Empalme de De La Espriella avanza con ministros definidos y recorte de cargos
Imagen: El Tiempo - Política
El empalme del gobierno de Abelardo De La Espriella avanza en Bucaramanga con una señal política clara: ya hay ministros confirmados y también recortes en la estructura del gabinete. El movimiento marca el tono de la transición y anticipa cambios en la forma como se administrará el Ejecutivo.
El proceso de empalme entre el gobierno saliente y el equipo del presidente electo Abelardo De La Espriella entró en una fase decisiva en Bucaramanga, donde avanzan las reuniones para aterrizar la composición del nuevo gabinete y el rediseño de varias dependencias. Según informó El Tiempo - Política, ya hay ministros confirmados, mientras el equipo de transición evalúa qué cargos desaparecerán en la próxima estructura administrativa, una señal de que el nuevo gobierno no solo prepara nombres, sino también una reingeniería del poder dentro del Ejecutivo.

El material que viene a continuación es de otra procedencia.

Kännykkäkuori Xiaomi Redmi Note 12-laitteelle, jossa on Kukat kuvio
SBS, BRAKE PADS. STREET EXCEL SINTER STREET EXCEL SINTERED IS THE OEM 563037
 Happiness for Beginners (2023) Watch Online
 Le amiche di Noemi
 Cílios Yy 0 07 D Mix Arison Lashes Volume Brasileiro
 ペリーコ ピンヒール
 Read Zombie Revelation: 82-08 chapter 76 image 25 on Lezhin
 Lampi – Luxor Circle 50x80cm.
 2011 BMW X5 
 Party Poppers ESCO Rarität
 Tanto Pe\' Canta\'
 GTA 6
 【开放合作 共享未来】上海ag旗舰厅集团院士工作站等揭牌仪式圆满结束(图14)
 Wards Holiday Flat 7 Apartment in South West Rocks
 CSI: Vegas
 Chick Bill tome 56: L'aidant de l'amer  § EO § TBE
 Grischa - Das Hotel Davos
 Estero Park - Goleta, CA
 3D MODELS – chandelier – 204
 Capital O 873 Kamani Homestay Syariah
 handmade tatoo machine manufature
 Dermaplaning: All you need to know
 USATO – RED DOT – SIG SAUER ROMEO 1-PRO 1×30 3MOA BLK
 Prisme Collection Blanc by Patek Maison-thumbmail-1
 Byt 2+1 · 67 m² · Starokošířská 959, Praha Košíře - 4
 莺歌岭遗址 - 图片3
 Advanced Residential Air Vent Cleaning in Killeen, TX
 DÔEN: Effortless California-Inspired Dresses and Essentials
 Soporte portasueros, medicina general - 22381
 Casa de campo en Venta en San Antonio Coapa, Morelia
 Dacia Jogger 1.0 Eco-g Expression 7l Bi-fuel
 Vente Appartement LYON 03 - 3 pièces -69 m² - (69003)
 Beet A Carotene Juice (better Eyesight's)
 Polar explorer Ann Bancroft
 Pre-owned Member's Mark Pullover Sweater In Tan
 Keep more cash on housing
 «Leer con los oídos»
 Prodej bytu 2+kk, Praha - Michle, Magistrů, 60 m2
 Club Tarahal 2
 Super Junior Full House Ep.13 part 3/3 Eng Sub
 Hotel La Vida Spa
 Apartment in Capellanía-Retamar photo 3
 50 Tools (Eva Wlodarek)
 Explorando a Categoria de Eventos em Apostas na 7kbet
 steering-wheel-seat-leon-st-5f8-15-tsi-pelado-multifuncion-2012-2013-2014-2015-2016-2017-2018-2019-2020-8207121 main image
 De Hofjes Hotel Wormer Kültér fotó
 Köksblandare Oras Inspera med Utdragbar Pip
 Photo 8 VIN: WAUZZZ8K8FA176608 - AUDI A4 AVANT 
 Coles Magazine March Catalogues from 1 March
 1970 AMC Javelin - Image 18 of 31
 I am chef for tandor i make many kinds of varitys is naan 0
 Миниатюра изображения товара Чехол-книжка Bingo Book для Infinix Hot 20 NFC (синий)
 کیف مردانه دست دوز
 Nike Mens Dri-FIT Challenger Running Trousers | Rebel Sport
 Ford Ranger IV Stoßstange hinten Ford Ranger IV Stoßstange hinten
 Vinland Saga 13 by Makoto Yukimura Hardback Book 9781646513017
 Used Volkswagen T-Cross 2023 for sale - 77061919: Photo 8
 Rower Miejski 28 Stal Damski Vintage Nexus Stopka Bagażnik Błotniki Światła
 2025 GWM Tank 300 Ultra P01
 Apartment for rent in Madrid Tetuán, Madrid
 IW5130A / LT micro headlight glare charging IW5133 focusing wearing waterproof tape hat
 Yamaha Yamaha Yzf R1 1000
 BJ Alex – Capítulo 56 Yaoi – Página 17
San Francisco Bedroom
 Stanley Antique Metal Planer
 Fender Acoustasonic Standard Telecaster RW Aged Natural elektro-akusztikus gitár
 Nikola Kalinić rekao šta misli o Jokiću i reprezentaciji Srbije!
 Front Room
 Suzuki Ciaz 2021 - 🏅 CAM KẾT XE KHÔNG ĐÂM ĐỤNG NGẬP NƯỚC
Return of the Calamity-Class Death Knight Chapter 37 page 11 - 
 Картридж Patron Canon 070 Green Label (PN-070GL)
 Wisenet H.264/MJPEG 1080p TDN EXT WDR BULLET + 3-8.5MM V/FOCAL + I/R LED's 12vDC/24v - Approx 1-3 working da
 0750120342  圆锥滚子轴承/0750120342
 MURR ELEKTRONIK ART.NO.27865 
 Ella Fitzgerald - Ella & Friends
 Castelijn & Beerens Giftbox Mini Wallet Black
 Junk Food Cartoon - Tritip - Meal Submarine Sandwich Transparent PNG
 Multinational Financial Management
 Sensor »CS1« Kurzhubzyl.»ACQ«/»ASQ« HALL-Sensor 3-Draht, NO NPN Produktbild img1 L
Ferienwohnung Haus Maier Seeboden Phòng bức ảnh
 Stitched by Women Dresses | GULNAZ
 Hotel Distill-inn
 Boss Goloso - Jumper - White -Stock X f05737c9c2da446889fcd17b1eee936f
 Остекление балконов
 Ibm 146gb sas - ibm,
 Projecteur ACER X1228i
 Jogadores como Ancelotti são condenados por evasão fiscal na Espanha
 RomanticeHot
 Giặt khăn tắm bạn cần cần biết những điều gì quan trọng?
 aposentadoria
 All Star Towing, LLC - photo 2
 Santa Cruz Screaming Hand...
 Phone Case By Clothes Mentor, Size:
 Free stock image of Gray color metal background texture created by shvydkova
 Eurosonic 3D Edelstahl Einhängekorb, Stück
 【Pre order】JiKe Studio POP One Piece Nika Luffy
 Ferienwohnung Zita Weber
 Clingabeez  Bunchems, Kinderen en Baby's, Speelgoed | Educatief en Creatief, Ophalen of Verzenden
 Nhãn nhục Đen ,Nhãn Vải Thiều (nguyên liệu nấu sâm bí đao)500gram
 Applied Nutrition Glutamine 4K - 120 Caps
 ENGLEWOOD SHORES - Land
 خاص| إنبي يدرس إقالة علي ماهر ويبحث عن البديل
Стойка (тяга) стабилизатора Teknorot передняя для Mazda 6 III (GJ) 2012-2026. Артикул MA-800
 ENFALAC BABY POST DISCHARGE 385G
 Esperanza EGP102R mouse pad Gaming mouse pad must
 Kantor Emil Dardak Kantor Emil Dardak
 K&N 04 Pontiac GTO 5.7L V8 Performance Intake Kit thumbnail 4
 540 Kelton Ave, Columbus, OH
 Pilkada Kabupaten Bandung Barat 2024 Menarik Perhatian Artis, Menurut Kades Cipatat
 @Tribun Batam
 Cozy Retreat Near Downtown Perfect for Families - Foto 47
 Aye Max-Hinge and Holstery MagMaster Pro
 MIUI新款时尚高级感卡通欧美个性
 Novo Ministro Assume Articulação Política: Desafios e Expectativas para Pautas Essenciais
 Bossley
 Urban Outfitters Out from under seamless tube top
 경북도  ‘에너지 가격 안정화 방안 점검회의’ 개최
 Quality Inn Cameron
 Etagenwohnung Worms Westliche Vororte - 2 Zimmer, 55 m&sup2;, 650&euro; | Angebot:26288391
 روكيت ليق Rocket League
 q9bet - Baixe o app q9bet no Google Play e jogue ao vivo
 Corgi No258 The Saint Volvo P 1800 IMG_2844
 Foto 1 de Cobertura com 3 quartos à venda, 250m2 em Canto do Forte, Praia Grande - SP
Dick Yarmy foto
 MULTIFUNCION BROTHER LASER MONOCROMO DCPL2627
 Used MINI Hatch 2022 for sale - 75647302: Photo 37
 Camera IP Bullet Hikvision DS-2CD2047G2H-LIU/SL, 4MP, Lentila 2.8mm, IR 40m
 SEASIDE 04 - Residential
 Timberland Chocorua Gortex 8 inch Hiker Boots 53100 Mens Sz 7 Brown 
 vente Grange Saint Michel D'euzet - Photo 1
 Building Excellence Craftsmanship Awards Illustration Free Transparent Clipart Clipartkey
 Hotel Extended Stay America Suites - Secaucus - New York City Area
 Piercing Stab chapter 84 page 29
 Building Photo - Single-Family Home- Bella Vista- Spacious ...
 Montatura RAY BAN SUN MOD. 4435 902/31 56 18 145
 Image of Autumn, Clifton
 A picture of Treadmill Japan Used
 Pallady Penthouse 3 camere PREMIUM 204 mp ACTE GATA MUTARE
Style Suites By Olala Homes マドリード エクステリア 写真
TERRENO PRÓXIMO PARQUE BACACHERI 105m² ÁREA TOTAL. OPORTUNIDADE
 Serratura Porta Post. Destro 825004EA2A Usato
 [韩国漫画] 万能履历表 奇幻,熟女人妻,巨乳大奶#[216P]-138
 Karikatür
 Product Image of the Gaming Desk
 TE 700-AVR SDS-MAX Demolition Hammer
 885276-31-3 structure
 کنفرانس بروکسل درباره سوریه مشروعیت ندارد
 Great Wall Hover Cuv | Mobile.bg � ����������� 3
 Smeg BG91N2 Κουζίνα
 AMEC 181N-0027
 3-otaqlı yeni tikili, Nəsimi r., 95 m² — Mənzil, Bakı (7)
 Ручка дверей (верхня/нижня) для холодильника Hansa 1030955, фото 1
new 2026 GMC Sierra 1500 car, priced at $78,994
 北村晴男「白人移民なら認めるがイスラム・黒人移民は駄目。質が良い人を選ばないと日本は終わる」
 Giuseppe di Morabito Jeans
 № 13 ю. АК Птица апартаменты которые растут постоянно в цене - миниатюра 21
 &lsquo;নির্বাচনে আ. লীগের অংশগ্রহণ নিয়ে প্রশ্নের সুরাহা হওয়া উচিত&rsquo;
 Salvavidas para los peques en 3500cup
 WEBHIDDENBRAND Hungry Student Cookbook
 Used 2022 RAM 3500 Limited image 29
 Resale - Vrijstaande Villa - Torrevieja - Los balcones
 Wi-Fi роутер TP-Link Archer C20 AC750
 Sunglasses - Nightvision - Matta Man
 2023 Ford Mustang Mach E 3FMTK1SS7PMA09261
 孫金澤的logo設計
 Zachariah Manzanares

Más allá del listado de funcionarios, lo relevante es el mensaje político que deja esta transición: el gobierno entrante quiere arrancar con una arquitectura más compacta y, al menos en esta etapa, con menos espacio para duplicidades o cuotas heredadas. De acuerdo con fuentes consultadas por El Tiempo - Política, la reunión en Bucaramanga ha servido para revisar el mapa de responsabilidades, definir qué sectores tendrán prioridad y cuáles perderán peso en la nueva administración. En la práctica, eso puede traducirse en cambios en la manera como se toman decisiones, se distribuyen recursos y se coordinan políticas públicas desde el centro del poder.
Este tipo de empalme no es un trámite menor ni una cortesía institucional. Es, en realidad, el primer pulso de gobierno: allí se ve si la nueva administración llegará a improvisar o si pretende imponer desde el comienzo una agenda con sello propio. En Colombia, donde la burocracia suele crecer más rápido que la capacidad del Estado para responder, la eliminación de cargos puede leerse como una apuesta por eficiencia, pero también como una movida política para concentrar control y acelerar decisiones. El problema, como siempre, está en el detalle: menos cargos no necesariamente significan menos clientelismo, y un gabinete más pequeño no garantiza mejores resultados si no viene acompañado de equipos técnicos sólidos y una hoja de ruta clara.
Lo que se define en Bucaramanga tendrá impacto directo en la relación entre el Ejecutivo y la ciudadanía. Si el nuevo gobierno logra convertir este empalme en una transición ordenada, con ministros que lleguen con mandato claro y entidades ajustadas a prioridades reales, podría ganar margen de maniobra en sus primeros meses. Pero si el rediseño termina siendo solo una operación de imagen, el costo político se sentirá rápido: en la confianza de los mercados, en la expectativa de los sectores productivos y, sobre todo, en la paciencia de una opinión pública que suele exigir resultados inmediatos cuando cambia el poder. Por ahora, el mensaje es inequívoco: el gobierno de De La Espriella quiere comenzar marcando distancia con la estructura que recibe y eso siempre dice más de un proyecto político que cualquier discurso de posesión.